Noise from power supply when using high wattage and PWM

I have a project where I am incorporating a Peltier cooler (uses 4.5 amps at 12 v or 6.4 amps at 16.4 v) for use as a dehumidifier. I would like to be able to actively control the temp of the Peltier using PWM. I would like to keep the temp a few degrees below the dew point (if I run it at full power all the time it runs at -10 to -30 C and just makes ice).

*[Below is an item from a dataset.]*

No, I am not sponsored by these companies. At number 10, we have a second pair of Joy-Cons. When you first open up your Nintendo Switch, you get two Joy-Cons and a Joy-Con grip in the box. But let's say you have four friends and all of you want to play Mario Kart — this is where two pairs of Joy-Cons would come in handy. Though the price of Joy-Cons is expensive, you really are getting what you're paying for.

Before actually installing this circuit into my setup I decided to test it using a 12v 4.5 Amp halogen lamp. For my test circuit I have exactly the setup shown on this website connected to digital pin 3 of an uno. http://bildr.org/blog/wp-content/uploads/2012/03/rfp30n06le-arduino-lightbulb.png

The first power supply I tried was a wall adapter type (12v 15 Amp). Instantly the adapter made a terrible buzzing noise and within a minute or two died. I purchased a larger computer power supply capable of putting out 35 Amps on the 12 v line. Although it doesn’t kill this power supply it still makes a horrible buzzing when the PWM is anything below 255 (loudest buzz near the 0 end). The light and Peltier work(ed) fine without the PWM on both power supplies.

What is going on? I assume feedback from the arduino circuit is messing with the switching regulators or other electronics in the power supply. How do I solve this problem? I have a few thoughts some seem impractical and some I just don’t know if they will work. - Battery tied to a recharging circuit - Battery supplies the power to the circuit (rather impractical) - Decoupling capacitors – I tried a couple arrangements using 100 uF and 220 uF liquid caps and it seemed to do nothing but I know almost nothing about the size, placement or type of cap I should use for this application - New power supply – maybe there is a type of plug in power supply that is not subject to this interference Thanks for any help you can give!!

The default PWM on the Arduino is quite a low frequency, 1000 or 500Hz roughly, depending on pins - that's probably a lot lower than the supplies are happy with (at higher frequencies the decoupling capacitors in the supply will hold their own, but at low frequencies you are pumping the supply up to full load then down to next to nothing all the time, a mode it may not have been designed for.)

You could try adding more decoupling to the supply. Several thousand uF of high ripple-current rated electrolytics I'd guess.

The buzzing is normal, the ferrite cores of the transformers change shape as the magnetic field changes, so act as speakers to a degree.

It may be that you simply need to boost the PWM frequency up to something higher... The Arduino timer registers can be directly programmed to achieve this (search these forums). Be sure your switching circuit can cope with the frequency though.

But be aware that peltier devices aren't necessarily going to like PWM either, I've heard that they perform better with analog power control. So some sort of programmable buck converter might be a technically better way. Tricky to find or make though.

Thanks for the excellent advice! Bummer to hear Peltier's dont like PWM. My testing of it seemed to give me great control of temp (if I could stand the buzzing). What would be the limiting factor in whether or not my circuit could handle a higher frequency? The MOSFET? What else would changing the timer registers change on the arduino? The arduino I will be using it on logs sensor data using an sd card and clock module and also controls a couple relays.

Hi, have you used the Search Forum window in the top right hand corner of this page. search for peltier

There has been a lot of different threads, might be worth reading to see if similar problems

Hope it helps... Tom..... :)

The first power supply I tried was a wall adapter type (12v 15 Amp). Instantly the adapter made a terrible buzzing noise and within a minute or two died.

As MarkT said, this is a problem with the lack of large decoupling capacitors on the power supply. You need to add them the power supply's capacitors alone are not sufficient to cope with the current ripple.